* [Exercise aim]:
Write out the listing below in full and exactly, leaving out every picture.

* [Given data]:
# # # #

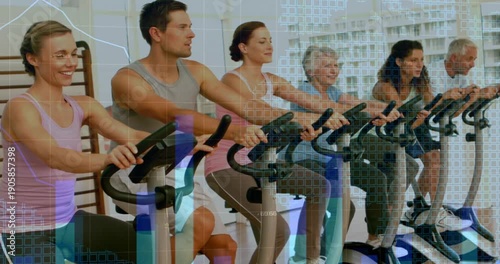 On class cue six riders pedaling on spin bikes in fitness class, HUD overlays tracking performance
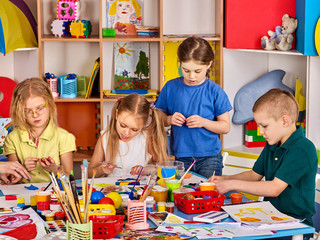 Fototapeta premium Plasticine modeling clay in children class. Teacher teaches kids together play dough and mold from plasticine in kindergarten or preschool. Group of four people. Learning in game.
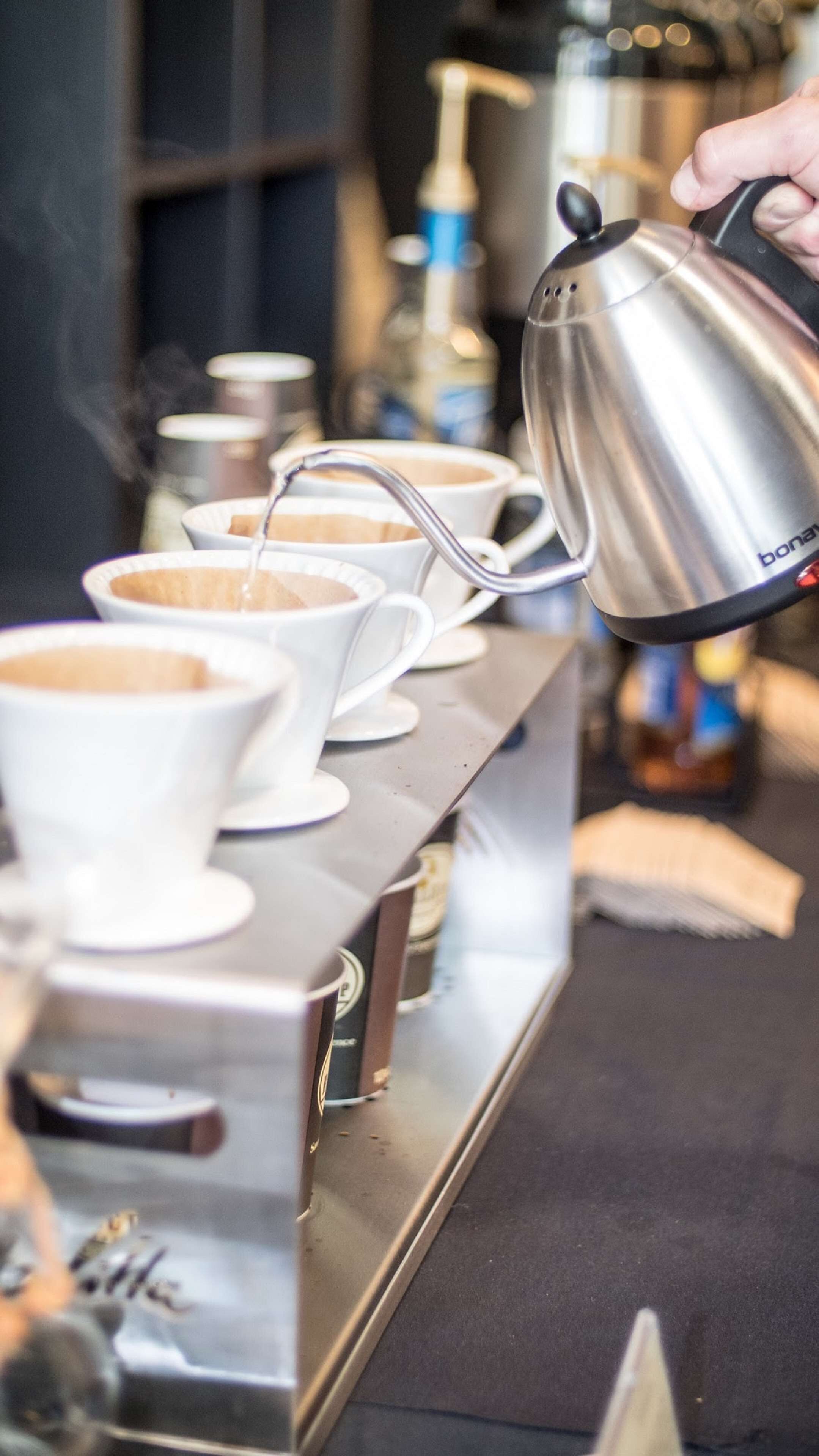 A coffee machine dispensing coffee into white cups on a stainless steel counter.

# # # #

* [Written response]:
 On class cue six riders pedaling on spin bikes in fitness class, HUD overlays tracking performance
 Fototapeta premium Plasticine modeling clay in children class. Teacher teaches kids together play dough and mold from plasticine in kindergarten or preschool. Group of four people. Learning in game.
 A coffee machine dispensing coffee into white cups on a stainless steel counter.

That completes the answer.